The past weekend was certainly a progtastic one. Saturday
night saw me at the Barbican with Vincie da Fridge to see Twelfth Night play
their final gig. It was a superb show and a fitting way to mark the end of a
brilliant band that never achieved the success and recognition it deserved. I
first saw them back in May 1983 at the historic Marquee club in Wardour Street
and immediately fell in love with their theatrical and dramatic music. This
show – covering material from ’81 to ’83 – was a heady mix of nostalgia and
fresh revelations as (relative) new boy Mark Spencer stamped his own unique
mark on the classics from that time.
It was quite an achievement for him to take songs that have been so
indelibly stamped into your consciousness and deliver them in a fresh new way
that remained totally in keeping with the mood and atmosphere of those original
gigs.
Sunday night, meanwhile, saw a long-overdue link up with
best bud Alex to see Frost* and It Bites do their thing at the Scala in King’s
Cross. Despite doing my best to get us lost whilst driving through London (damn
that SatNav!), we got to the venue in good time and bagged prime places right
at the very front. Frost* were bang on form, being both musically sublime and
hilariously entertaining in one tight little asterisk-shaped package. This was
one of those gigs where you couldn’t help but have a big grin on your face from
start to end. If the songs themselves weren’t class enough in their own right,
we also had the joy of interactive Brummie Speak and Spell and a MIDI-enabled
ironing board. Not to mention the sheer brilliance of Craig Blundell’s
jaw-dropping drumming, Nathan King’s effortless bass playing and Jem Godfrey’s
all round Frostieness.
And, of course, that John Mitchell is pretty handy on guitar
too, which is just as well as half an hour later he was back on stage fronting
It Bites. For me, their last album was rather disappointing so it was somewhat inevitable
that their set contained some of the lower points of the weekend.
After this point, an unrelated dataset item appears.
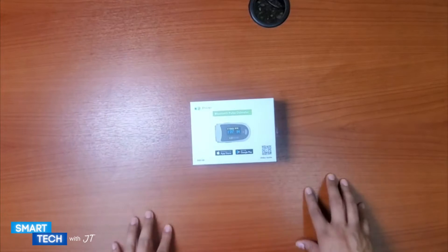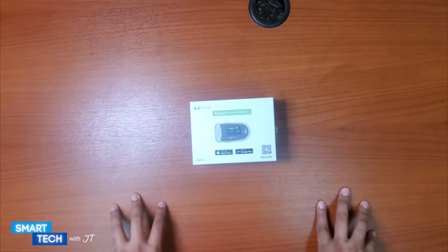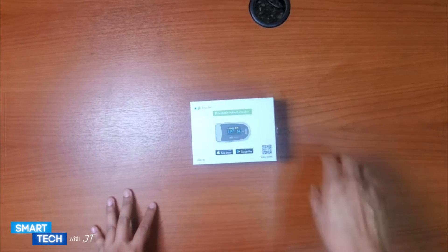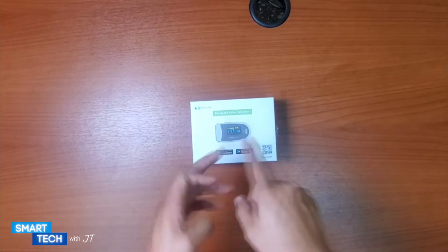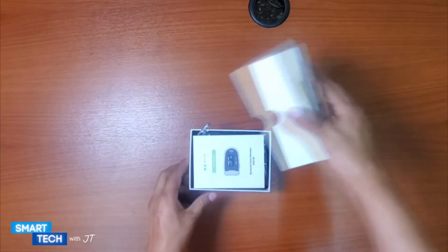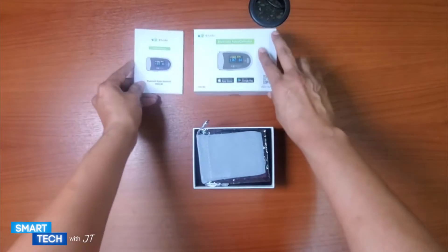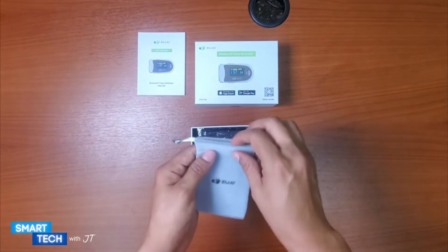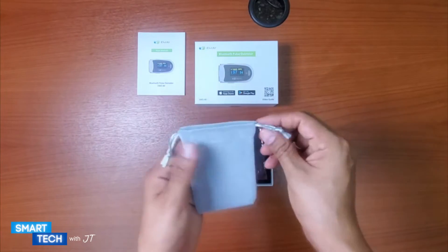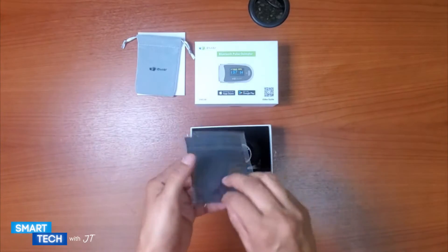Are you looking for a way to track your oxygen level and heart rate while sleeping? Are you somebody that may be suffering from sleep apnea? This little device can help tell you whether or not you might have sleep apnea. I purchased this personally because I have sleep apnea — it's a really great device that tracks my oxygen level and heart rate all night.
But on the up
side, when they weren’t plugging their new stuff the balance was made up of
material from the brilliant The Tall Ships and Once Around the World albums.
And let’s face it, the latter’s epic title track followed by a bouncy Kiss Like
Judas is about as joyful and triumphant a finale to a wicked weekend of prog
heaven as you could wish for.
And yes, I got lost driving home too (damn that SatNav!).